Where pictures appear, omit them, and copy exactly only the lines from the start of the listing through the line containing "When you want", both included.

◆ **EXERCISE DATA**
+--

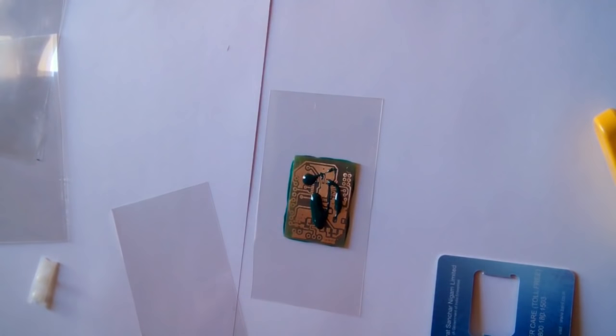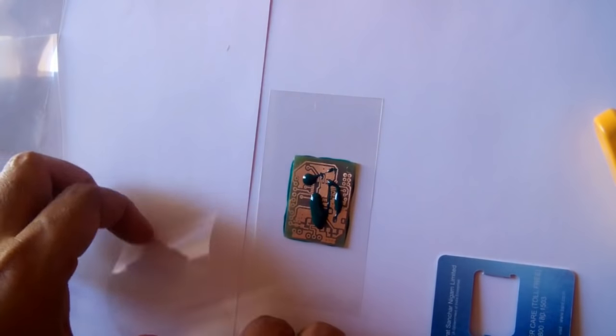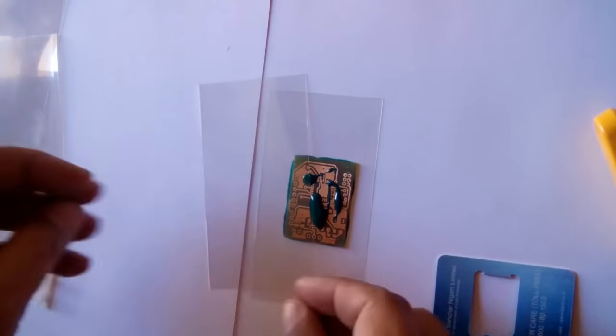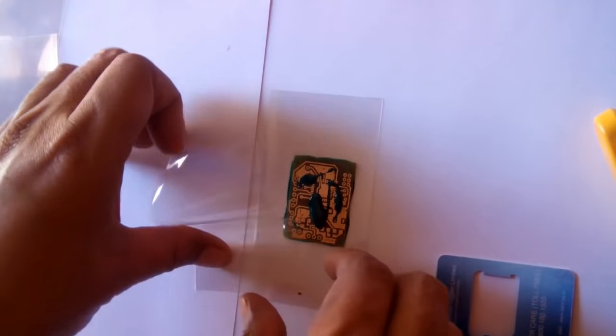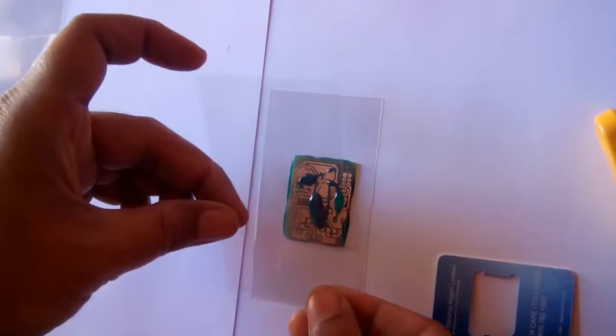Now I'm going to spread it on this other side also. I'll put a transparency on it.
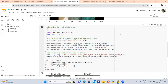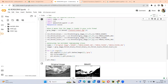When you want to threshold your image, you first have to read your image in grayscale format. For reading your image in grayscale format, you have to write a zero here. In this way, you can read your image in grayscale format, and then you can threshold your image.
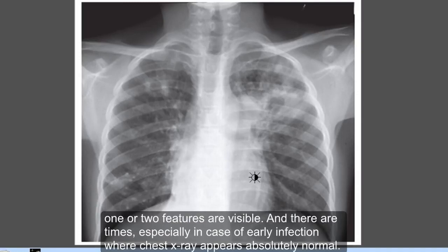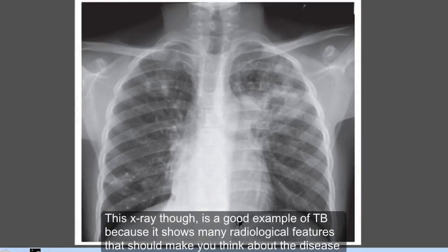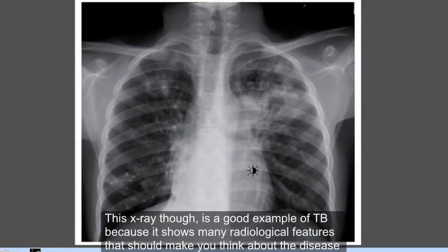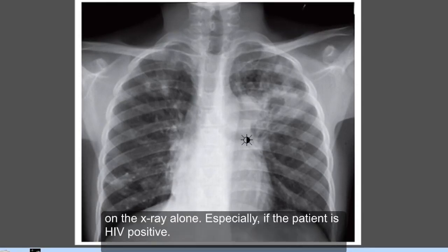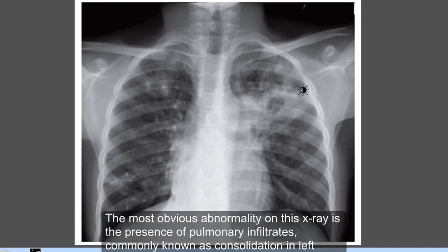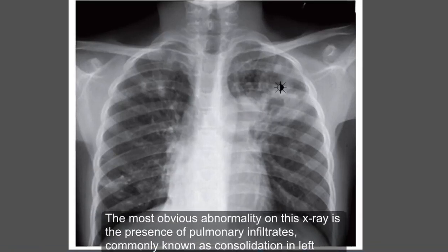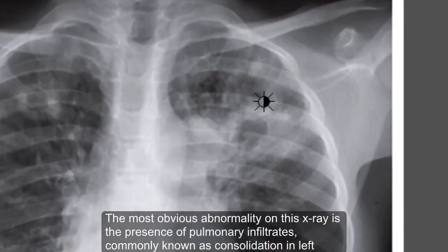Many times only one or two features are visible, and there are times — especially in the case of early infection — where the chest X-ray appears absolutely normal. This X-ray, though, is a good example of TB because it shows many radiological features that should make you think about the disease on the X-ray alone, especially if the patient is HIV positive.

+--

◆ **RESULT OF THE TASK**
Now I'm going to spread it on this other side also. I'll put a transparency on it.
When you want to threshold your image, you first have to read your image in grayscale format. For reading your image in grayscale format, you have to write a zero here. In this way, you can read your image in grayscale format, and then you can threshold your image.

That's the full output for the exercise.